Un geste à poser, et ça presse!
Sébastien Lord-Émard Représentant élu du Sud-Est, SANB
Il y a huit ans, le gouvernement libéral de Shawn Graham a perdu ses élections sur la question de la vente d’Énergie NB à HydroQuébec. Un parti politique marginal est même né de ce mouvement populiste. Huit ans plus tard, ce même tiers parti, l’Alliance des gens, risque fort de reporter au pouvoir les libéraux de Brian Gallant lors des élections en cours, selon les journalistes Mathieu Roy-Comeau et Pascal RaicheNogue. Quelle ironie!
En divisant le vote anglophone qui aurait pu couronner les conservateurs de Blaine Higgs, le parti anti-dualité et anti-bilinguisme de Kris Austin semble réussir là où Brian Gallant lui-même, lorsqu’on regarde son bilan peu reluisant des quatre dernières années envers les Acadiennes et les Acadiens, semblait incapable d’arriver: c’està-dire à souder le vote francophone et à diviser les anglophones!
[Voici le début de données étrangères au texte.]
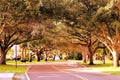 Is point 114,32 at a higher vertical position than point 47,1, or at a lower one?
lower

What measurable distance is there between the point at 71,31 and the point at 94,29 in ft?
38.3

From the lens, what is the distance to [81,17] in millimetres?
47719

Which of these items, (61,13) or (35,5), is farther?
(61,13)

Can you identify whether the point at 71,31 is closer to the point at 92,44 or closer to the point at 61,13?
the point at 92,44

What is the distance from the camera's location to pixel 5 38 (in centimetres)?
6175

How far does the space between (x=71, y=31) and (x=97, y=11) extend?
59.8 ft

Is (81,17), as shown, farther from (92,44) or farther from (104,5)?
(92,44)

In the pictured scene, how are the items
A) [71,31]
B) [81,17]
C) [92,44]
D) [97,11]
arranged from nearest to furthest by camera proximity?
[97,11]
[81,17]
[71,31]
[92,44]

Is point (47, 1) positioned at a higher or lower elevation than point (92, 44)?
higher

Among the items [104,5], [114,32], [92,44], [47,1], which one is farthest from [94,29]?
[92,44]

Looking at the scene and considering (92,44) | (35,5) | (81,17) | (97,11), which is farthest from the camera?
(92,44)

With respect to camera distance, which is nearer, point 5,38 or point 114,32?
point 114,32

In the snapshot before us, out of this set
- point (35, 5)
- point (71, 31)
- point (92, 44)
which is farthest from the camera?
point (92, 44)

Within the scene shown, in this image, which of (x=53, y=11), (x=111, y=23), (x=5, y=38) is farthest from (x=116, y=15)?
(x=5, y=38)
Mais rien n’est joué encore. Les libéraux le savent. Les élections ne sont pas terminées.
Il y a huit ans tombait le gouvernement Graham, alors que la vente d’Énergie NB aurait pu probablement nous sortir d’un gouffre financier... En 2018, plus que jamais au bord du gouffre financier, nous allons vraisemblablement reporter au pouvoir le gouvernement Gallant alors qu’il nous a enlevé le contrôle administratif, financier et linguistique d’un pan important de notre système de santé. Décidément, l’ironie n’en finit plus d’être mordante!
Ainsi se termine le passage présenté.